_Task prompt:_
Output all of the data exactly as it appears, but leave out any pictures it contains.

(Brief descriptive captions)
━━━━━━━━
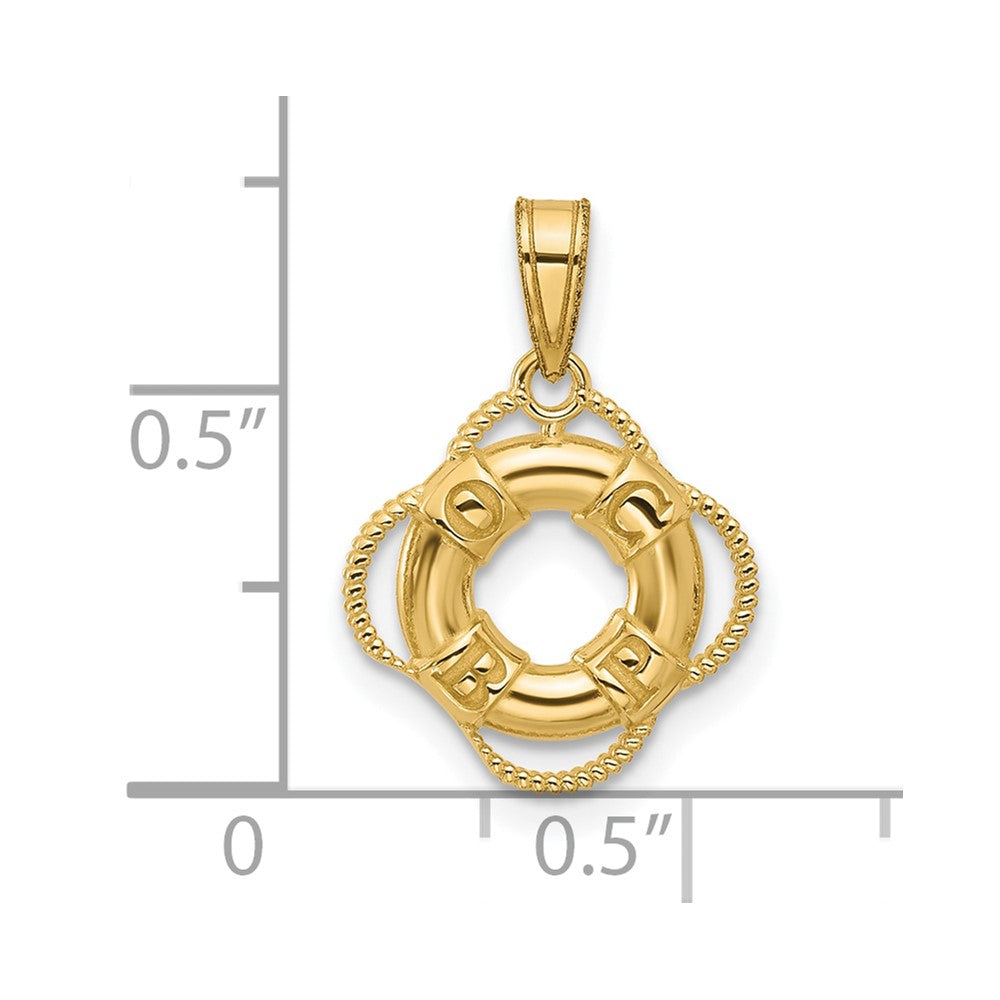 10K Life Preserver Charm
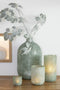 J-Line vaas Fore - glas - groen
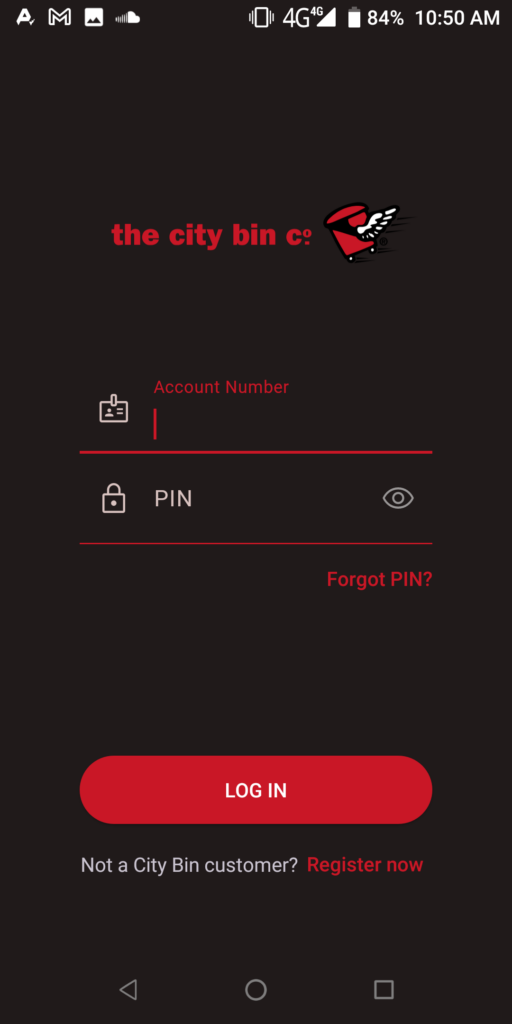 City Bin Login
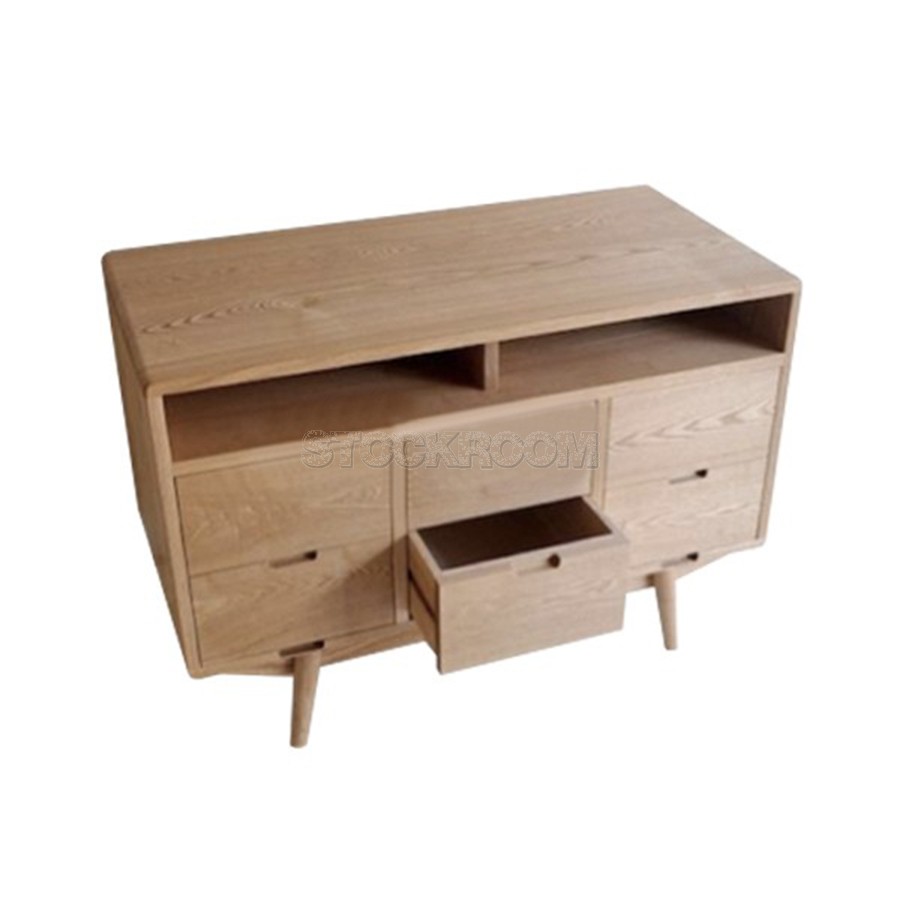 Brooklyn Solid Oak Wood Cabinet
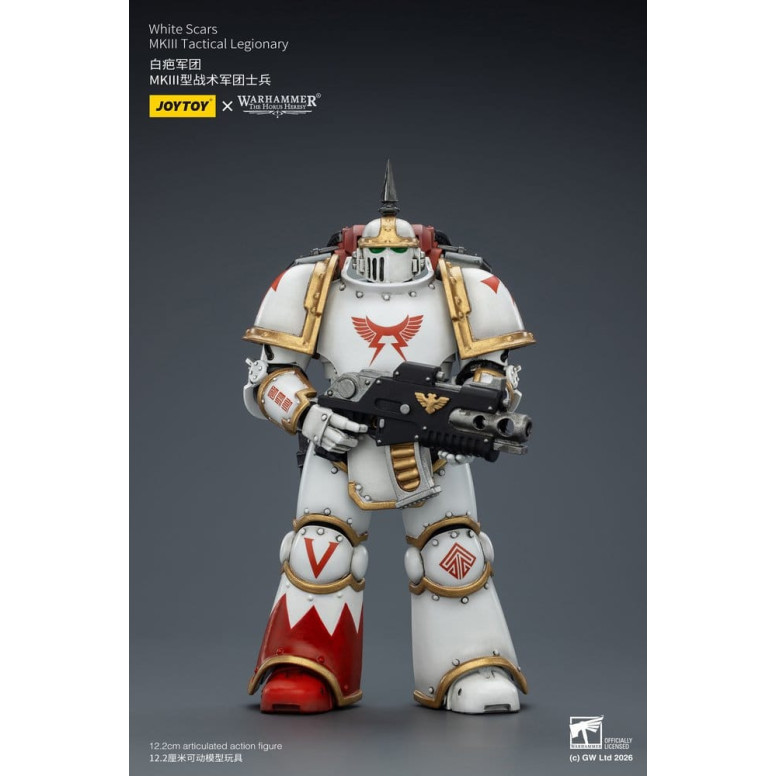 Joytoy - Warhammer - White Scars Mk III Tactical Squad - Mk III Tactical Legionary 1/18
━━━━━━━━
_The answer:_
 10K Life Preserver Charm
 J-Line vaas Fore - glas - groen
 City Bin Login
 Brooklyn Solid Oak Wood Cabinet
 Joytoy - Warhammer - White Scars Mk III Tactical Squad - Mk III Tactical Legionary 1/18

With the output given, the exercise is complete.